Organisations tasked with keeping a roof over the heads of Hawke's Bay's most vulnerable people are feeling the strain as winter approaches.

The homelessness conundrum in the region now needs a unified response from the community, not just money from the Government, politicians say.

Currently 158 motel rooms spread across 12 motels in Hawke's Bay are being used for transitional housing.

Ministry of Housing and Urban Development chief executive Andrew Crisp said at a recent IwiBuild Summit at Te Taiwhenua o Heretaunga that motel housing would be sticking around for a while.


"The reality is motels are going to stay for quite some time because the problem is so bad."

He said that motels were a sort of necessary evil to help keep people in accommodation and off of the streets.

"The solutions we are looking for at this moment is how do we move people off of the streets and how do we keep them out of motel accommodation."

Crisp said the government had to change its thinking of how it dealt with the housing crisis.

"I think the way we used to work of looking at it as a national issue and not looking at it from the grassroots and look at the regions affected is where we are trying to move more towards."

As of the end of December 2018 there were 661 applicants on the Housing register in Hawke's Bay region. Of those, 41 per cent listed the primary reason for applying for support as homelessness.
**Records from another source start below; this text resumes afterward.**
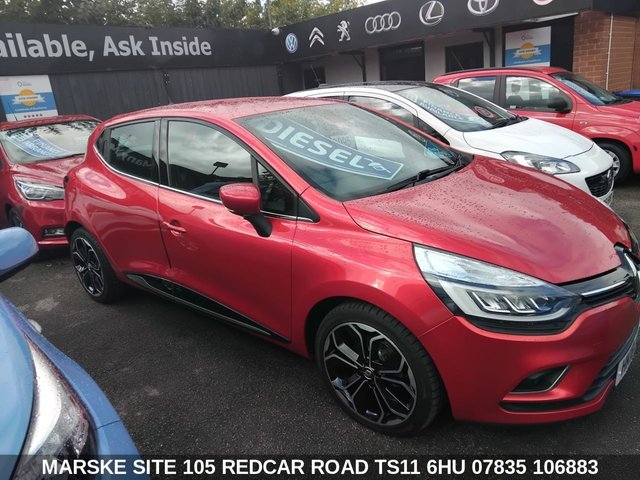 2018 Renault Clio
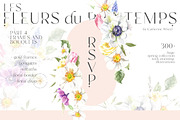 Spring Flora Farm Animals Watercolor, an Animal Illustration by Catherine Wheel (Thumbnail 11 of 22)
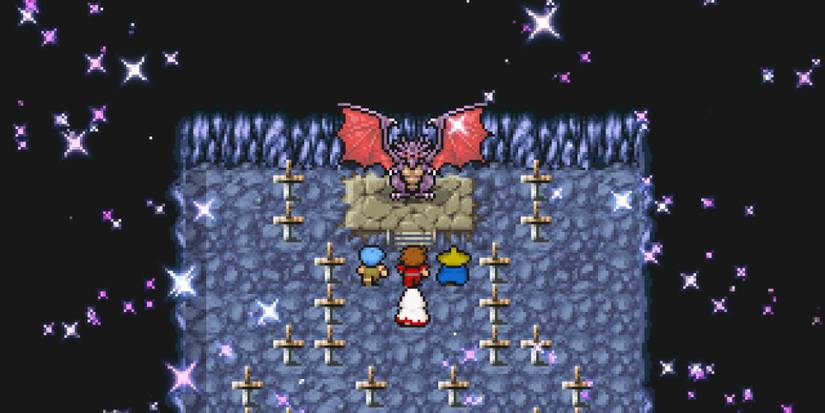 Where To Find The Rat Tail In Final Fantasy Pixel Remaster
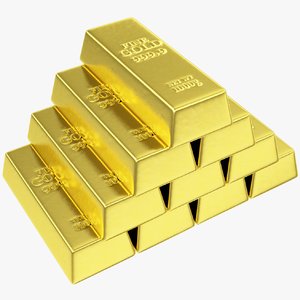 golden bars model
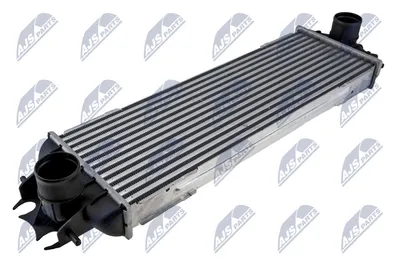 Radiador de aire de admisión Nissan PRIMASTAR Bus · Nissan PRIMASTAR Van · Nissan PRIMASTAR Platform/Chassis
That is an increase on the September 2018 report where 622 applicants were on the Housing register in Hawke's Bay and 37 per cent listed their reason as homelessness.

Hastings District Council chief executive Nigel Bickle said in Napier and Hastings there are currently 440 children living in motels.


"We have got the highest percentage increase in whanau who have registered for public housing in New Zealand in the last 12 months. Six-hundred-and-sixty-one whanau are waiting on the public housing register. Eight-hundred-and-eighty people in our community are living in hotels. Last night 440 kids are calling a motel room home."

Ikaroa-Rāwhiti and Labour MP Meka Whaitiri said Hawke's Bay was one of the many regions in desperate need of housing.

"It is clear that the Hawke's Bay needs more public housing and this Government is doing everything we can to urgently increase supply."

But she is also asking the public to help pitch in and help provide especially over the winter period.

"I encourage anyone who knows of possible accommodation options, to contact the Ministry of Housing and Urban Development urgently," Whaitiri said.

"That way, as a community, we can all ensure we house as many of our people as possible before winter hits.

"Ending homelessness will take a unified response."

Ministry of Social Development Regional Commissioner Annie Aranui said large events in Hawke's Bay, where a housing shortage remains, are also putting added pressure on their services.

Around 20 families living in motels under emergency housing were forced to move out due to this year's Art Deco festival.

"With the shortage of housing in Hawke's Bay, events such as Art Deco do put our emergency housing under pressure."

She said that all those affected were able to be reaccommodated before having to move out.

"We plan well in advance for regional events like this that result in motels getting booked out ahead of time by holidaymakers," Aranui said.

"For Art Deco, we made sure all of the families found alternative accommodation, for the short time the event was on, through temporary arrangements such as staying with whānau."

They did manage to get help from other local services who helped accommodate the overflow and those who couldn't live with family.

"A local marae took in three of the families under an agreement we have with the marae for help with emergency housing when there's pressure on motels," Aranui said.

"We offer financial support to our emergency housing clients at times like this to help with any costs incurred with moving."